Мне показалось, что он сейчас ударит меня, но я понимал, что новоиспеченный муж красавицы Шекюре не имеет ничего против убийства Эниште. Нет, он не будет меня бить, а если и будет, что ж, мне все равно.
– Наш падишах в самом деле хотел, чтобы была создана книга в духе европейских мастеров, – сказал я упрямо. – И твой Эниште хотел сделать книгу, бросающую вызов всем. Чтобы возвеличиться. Он преклонялся перед европейскими мастерами, работы которых увидел во время путешествий; он подолгу рассказывал нам – да и тебе небось тоже – про эту чушь: перспектива, портрет – он слепо верил в это. По-моему, в том, что мы сделали, нет ничего вредного и ничего такого, что не вписывалось бы в нашу религию. Он тоже это знал, но делал вид, будто создает опасную книгу, ему это очень нравилось.
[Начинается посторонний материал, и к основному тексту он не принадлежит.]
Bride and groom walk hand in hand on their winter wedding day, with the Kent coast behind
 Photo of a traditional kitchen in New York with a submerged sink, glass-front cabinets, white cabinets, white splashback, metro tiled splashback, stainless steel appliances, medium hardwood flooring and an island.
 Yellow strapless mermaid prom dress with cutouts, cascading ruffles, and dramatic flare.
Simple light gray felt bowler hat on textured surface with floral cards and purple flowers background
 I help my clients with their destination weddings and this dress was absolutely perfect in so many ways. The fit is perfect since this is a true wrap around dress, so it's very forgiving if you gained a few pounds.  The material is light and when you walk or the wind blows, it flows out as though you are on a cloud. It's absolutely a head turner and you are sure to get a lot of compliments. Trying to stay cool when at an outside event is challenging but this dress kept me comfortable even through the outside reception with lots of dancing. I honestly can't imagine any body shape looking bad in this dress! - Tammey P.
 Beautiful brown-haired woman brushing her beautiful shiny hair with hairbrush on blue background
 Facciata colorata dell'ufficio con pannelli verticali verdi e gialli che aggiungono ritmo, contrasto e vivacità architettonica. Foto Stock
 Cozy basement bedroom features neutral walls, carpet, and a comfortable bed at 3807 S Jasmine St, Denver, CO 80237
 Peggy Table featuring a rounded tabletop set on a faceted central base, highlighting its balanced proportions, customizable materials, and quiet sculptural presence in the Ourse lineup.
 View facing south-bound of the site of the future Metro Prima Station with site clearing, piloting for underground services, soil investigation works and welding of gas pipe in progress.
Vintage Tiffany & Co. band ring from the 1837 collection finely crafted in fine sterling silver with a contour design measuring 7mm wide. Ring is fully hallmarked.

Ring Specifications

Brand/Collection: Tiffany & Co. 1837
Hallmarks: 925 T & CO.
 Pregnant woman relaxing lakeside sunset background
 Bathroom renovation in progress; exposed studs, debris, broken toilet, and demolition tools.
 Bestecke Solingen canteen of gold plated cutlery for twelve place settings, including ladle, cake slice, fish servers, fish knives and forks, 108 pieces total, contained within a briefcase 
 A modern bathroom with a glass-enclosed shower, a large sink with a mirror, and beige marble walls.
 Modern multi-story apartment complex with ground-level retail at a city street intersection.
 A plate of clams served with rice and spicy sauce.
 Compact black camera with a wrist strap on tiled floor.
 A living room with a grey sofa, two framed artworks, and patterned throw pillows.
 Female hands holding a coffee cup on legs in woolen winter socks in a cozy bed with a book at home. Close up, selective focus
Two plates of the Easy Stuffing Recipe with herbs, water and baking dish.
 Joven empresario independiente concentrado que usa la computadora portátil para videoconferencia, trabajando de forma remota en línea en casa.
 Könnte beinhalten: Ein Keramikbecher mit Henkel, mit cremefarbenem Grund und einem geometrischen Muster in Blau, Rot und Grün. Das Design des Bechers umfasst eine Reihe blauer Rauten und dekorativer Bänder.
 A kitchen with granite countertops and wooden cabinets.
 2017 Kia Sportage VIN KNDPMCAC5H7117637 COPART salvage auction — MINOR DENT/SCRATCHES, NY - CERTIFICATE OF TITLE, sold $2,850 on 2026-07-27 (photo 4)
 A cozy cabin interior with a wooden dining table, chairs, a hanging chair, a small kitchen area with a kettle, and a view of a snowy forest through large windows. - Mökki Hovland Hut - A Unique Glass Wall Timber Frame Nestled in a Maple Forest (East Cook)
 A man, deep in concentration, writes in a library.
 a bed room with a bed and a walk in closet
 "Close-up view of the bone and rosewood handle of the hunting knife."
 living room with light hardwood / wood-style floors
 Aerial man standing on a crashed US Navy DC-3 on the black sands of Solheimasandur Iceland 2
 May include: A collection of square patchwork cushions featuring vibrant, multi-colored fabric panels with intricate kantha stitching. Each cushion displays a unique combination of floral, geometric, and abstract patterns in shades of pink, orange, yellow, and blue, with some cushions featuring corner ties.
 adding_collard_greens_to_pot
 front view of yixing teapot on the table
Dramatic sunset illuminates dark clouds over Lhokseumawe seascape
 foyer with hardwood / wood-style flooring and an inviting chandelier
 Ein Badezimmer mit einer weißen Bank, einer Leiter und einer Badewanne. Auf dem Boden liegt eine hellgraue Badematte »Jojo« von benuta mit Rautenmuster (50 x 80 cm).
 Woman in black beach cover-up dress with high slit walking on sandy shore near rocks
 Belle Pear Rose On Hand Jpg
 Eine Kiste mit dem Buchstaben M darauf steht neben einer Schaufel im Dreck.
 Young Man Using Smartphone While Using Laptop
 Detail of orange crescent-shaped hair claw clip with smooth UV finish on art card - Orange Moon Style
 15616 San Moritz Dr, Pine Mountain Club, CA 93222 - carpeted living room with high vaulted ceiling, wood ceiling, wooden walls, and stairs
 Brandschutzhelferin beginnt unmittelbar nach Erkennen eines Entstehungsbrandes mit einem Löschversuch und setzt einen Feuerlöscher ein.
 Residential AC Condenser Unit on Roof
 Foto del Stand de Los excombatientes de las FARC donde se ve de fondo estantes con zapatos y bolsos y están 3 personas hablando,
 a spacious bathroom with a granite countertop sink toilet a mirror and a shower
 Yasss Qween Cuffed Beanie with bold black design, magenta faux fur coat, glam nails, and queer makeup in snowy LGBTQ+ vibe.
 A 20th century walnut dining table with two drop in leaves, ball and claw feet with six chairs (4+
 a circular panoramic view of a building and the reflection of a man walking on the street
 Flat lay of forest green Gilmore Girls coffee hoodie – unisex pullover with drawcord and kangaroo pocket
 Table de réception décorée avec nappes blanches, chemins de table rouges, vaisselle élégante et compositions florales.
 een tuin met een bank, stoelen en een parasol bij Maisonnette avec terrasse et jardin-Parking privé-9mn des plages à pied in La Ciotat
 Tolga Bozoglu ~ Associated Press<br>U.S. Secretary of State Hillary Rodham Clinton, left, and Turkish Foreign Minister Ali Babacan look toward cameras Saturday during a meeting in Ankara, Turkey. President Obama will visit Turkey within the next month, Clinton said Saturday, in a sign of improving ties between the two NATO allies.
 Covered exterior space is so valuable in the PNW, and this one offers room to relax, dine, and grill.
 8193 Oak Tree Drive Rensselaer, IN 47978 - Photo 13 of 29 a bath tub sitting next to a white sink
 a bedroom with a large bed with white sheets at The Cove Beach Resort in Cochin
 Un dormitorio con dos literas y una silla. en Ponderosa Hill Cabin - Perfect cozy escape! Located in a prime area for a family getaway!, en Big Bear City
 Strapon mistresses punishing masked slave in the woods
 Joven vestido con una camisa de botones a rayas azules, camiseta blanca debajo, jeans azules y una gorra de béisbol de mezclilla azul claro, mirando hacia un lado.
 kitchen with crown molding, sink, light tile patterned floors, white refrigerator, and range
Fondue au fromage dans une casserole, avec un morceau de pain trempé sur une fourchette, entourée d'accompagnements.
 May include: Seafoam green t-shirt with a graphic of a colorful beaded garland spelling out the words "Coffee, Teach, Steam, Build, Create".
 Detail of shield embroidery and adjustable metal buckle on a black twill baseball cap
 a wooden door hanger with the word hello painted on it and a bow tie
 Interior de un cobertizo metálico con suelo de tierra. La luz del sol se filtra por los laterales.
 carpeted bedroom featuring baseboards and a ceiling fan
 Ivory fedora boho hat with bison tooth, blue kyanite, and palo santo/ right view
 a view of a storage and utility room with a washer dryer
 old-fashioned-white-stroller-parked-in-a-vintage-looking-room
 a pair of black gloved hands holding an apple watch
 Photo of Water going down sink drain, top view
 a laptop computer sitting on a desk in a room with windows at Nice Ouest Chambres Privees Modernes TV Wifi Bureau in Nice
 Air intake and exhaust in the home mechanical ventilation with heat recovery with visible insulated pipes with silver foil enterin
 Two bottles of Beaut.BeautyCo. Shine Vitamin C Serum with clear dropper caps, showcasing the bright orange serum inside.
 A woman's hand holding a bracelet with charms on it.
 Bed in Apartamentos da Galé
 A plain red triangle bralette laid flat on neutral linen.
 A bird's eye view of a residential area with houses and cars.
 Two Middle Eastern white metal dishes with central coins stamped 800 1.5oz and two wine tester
Выполнять такую опасную работу с разрешения падишаха было для него так же важно, как почитать работы европейских мастеров. Если бы мы делали рисунки, чтобы повесить на стену, это было бы грехом. Но ни в одном из рисунков, которые мы сделали для книги, не было отрицания религии, безбожия, ничего, что могло быть запрещено. Разве я не прав? Они не знали, что ответить.
– Хватит об этом, – перебил меня Кара. – Расскажи, как ты убил Зарифа.
– Я совершил это, – я не мог произнести слово «убийство», – не только ради нас и собственного спасения, а ради блага всей мастерской. Зариф-эфенди угрожал выдать нас. Я предложил ему деньги. Мы пришли на пустырь к заброшенному колодцу…
Я понял, что дальше рассказать им не смогу, и дерзко заявил:
– Если бы вы были на моем месте, вы бы тоже подумали о благополучии остальных братьев-художников и сделали бы то же самое. После того как я отправил Зарифа-эфенди к ангелам Аллаха, – продолжил я задумчиво, – меня охватил страх. Поскольку я обагрил руки кровью из-за последнего рисунка, я должен был увидеть его. И я отправился к Эниште, который больше не приглашал нас работать к себе домой. Он вел себя со мной высокомерно и ничего мне не показал. Будто не было никакого рисунка, не из-за чего было убивать человека! Чтобы он не относился ко мне так презрительно и равнодушно, я признался, что это я убил и бросил в колодец Зарифа. Равнодушие его исчезло, но он продолжал пренебрежительно говорить со мной. Разве подобает отцу так унижать сына! Великий мастер Осман сердился на нас, сильно бил, но никогда не унижал. Мы совершили ошибку, что предали его.
Я улыбнулся своим братьям, слушавшим меня с вниманием, как слушают последние слова человека на смертном одре.